Opinion: I found the Garthwait photo. Here’s how I think we should respond.
By Cameron Sauers, Guest Columnist
I did not think that my casual browsing through old college yearbooks would result in this. I thought it best to explain the situation through my eyes so others may understand my intentions. I would first like to acknowledge Mr. Garthwait’s apology and his genuine remorse. I have nothing but the utmost respect for his contributions to improving this college. I am among the many students who benefited from the Garthwait Leadership Center. I participated in the Certificate program my freshman year and felt I made remarkable personal strides with the program, culminating in presenting at the Leadership showcase. In the fall semester, I spoke twice more at GLC events, including a 30-minute presentation on leadership at the Battle of Gettysburg. I firmly believe in the GLC’s mission and have nothing but admiration and respect for its employees and participants. I share Mr. Garthwait’s hopes that current students will “be more thoughtful than I was about the impact of their actions on others.” That shared sentiment is why I have done what I have done.
When I found the photo in question, I could have just kept turning the page and ignored it. Many feel I should have done exactly that. I’ve watched “Hogan’s Heroes” and do share the same affection for the show that many have expressed online. I acknowledge that my decision has not been universally popular and have read many of the things people have had to say about my actions.
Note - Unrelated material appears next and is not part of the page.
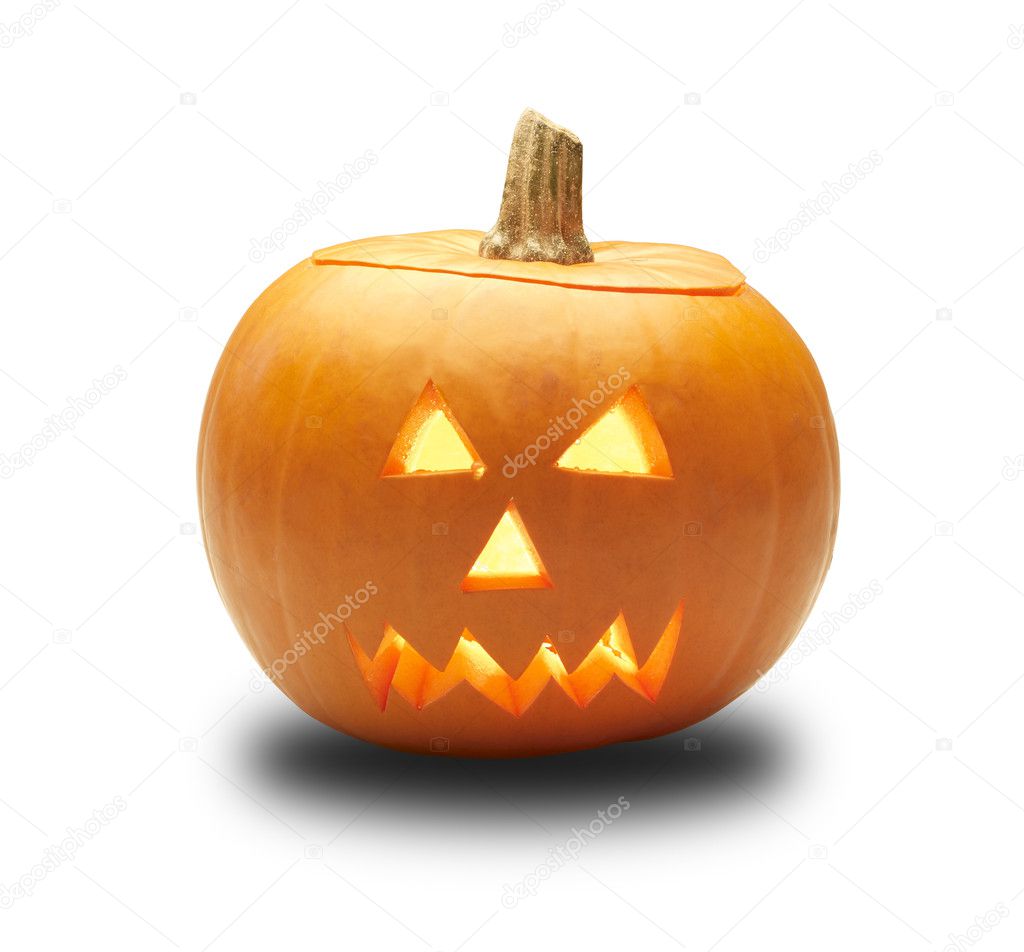 Cutout halloween lit glowing pumpkin turnip lantern isolated on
William Lloyd Garrison once wrote, “[A]re right and wrong convertible terms, dependent on public opinion?” To me, right and wrong are not convertible terms. I acted in accordance with what I thought was the right thing.
I fully share Chris Roemer’s ’82 opinion: “This is a teachable moment. It’s a time for courageous discussion, not retribution.”
The rest of this article focuses on the need for courageous discussion and here at Gettysburg. It is on us as students to combat anti-Semitism and all forms of bigotry on this campus.
In a line from his most famous speech, delivered after the assassination of Martin Luther King, Jr., Robert F. Kennedy said, “In this difficult day, in this difficult time for the United States, it’s perhaps well to ask what kind of a nation we are and what direction we want to move in.”
In a difficult time for us as a school, the time is now to look at ourselves and ask who we are and what direction do we want to move in?
The challenge is now on myself and my fellow students to create a campus culture and community that welcomes students of all backgrounds and does not display symbols linked to hatred, oppression and genocide. We can do better as a student body – we must do better. While incredible strides have been made on campus to increase diversity, we must remember that complacency is the enemy of progress. As we move forward, let us renew our commitment to the unfinished work of making Gettysburg College a place for everyone.
Some may argue that it was not my place to make this decision to share the photo and I recognize the legitimacy of their concerns. Those who only know me from this decision may consider me overzealous, oversensitive and some sort of Robespierre-esque voice on campus. I hope you may now see that it is not the case. I did this because I thought about the world that my generation is on the cusp of inheriting. I have watched my peers be shot down at school, those who could be my younger siblings locked in cages, while the older generations in political power remained silent and inactive. I was born in the days following the massacre at Columbine High School and the news events of my life have been dominated by hatred and violence committed in the name of Nazism and other hateful ideologies.
I recognize that times and values have changed, but was Nazism not considered evil in 1980? I shudder at the thought and wish to never return to a time when white supremacist symbols are acceptable. I could not bear to be silent any longer. I had been silent for too long. I love Gettysburg College deeply and it was my love for this school and the people here that made me pursue this decision because I firmly believe we must be relentless in our pursuit of bettering this campus.
Soon the dust will fade, national media attention will dissipate, and normal life will resume. I challenge my peers on Campus to join me in the fight against hatred on this campus. John F. Kennedy remarked in his inaugural address: “All this will not be finished in the first one hundred days. Nor will it be finished in the first one thousand days . . . nor even perhaps in our lifetime on this planet. But let us begin.”
Gettysburgians, this will not be completed this semester, nor next semester, nor in our time as students. Let us not be dissuaded by the great task before us. Let us begin.